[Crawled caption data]
----

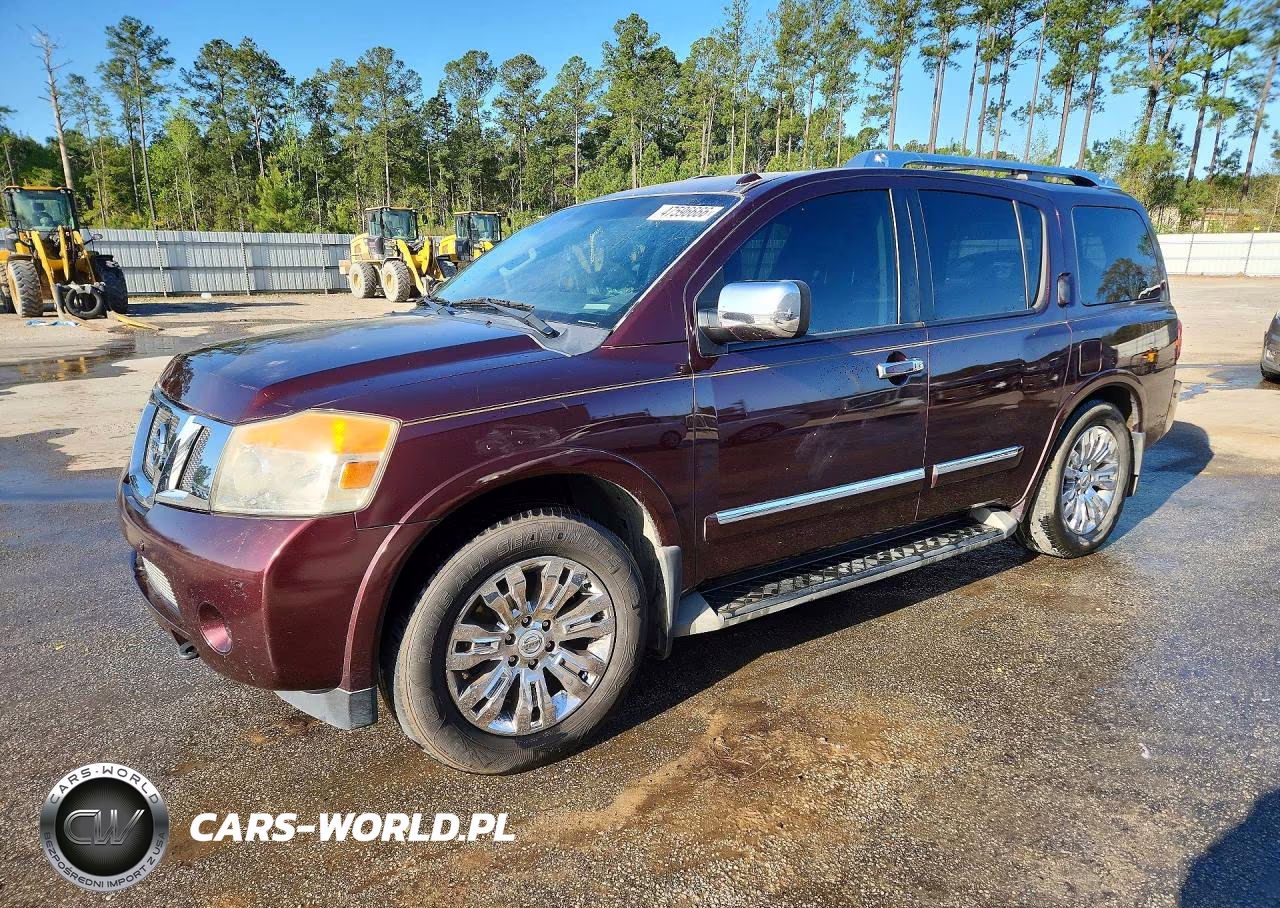 2015 Nissan Armada Sv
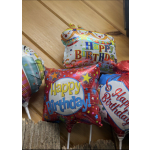Happy Birthday Mylar Balloon
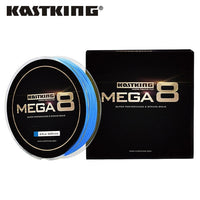 KastKing Mega8 fishing line multifilament braid line 10LB-80LB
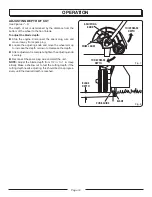 Preview for 12 page of Homelite MIGHTYLITE UT50500 Operator'S Manual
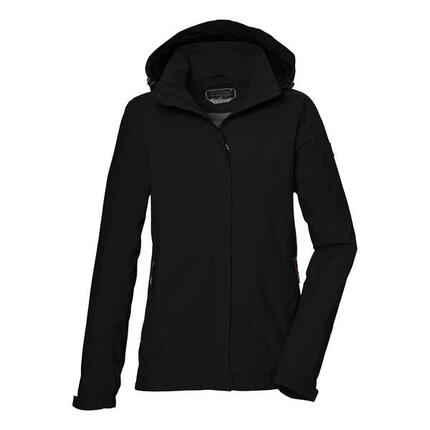 Killtec Funktionsjacke Damen mit 10.000mm Wassersäule und Kapuze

----

## [Description of the task]
The data must come back word for word, with every picture removed.

## [Response]
 2015 Nissan Armada Sv
Happy Birthday Mylar Balloon
 KastKing Mega8 fishing line multifilament braid line 10LB-80LB
 Preview for 12 page of Homelite MIGHTYLITE UT50500 Operator'S Manual
 Killtec Funktionsjacke Damen mit 10.000mm Wassersäule und Kapuze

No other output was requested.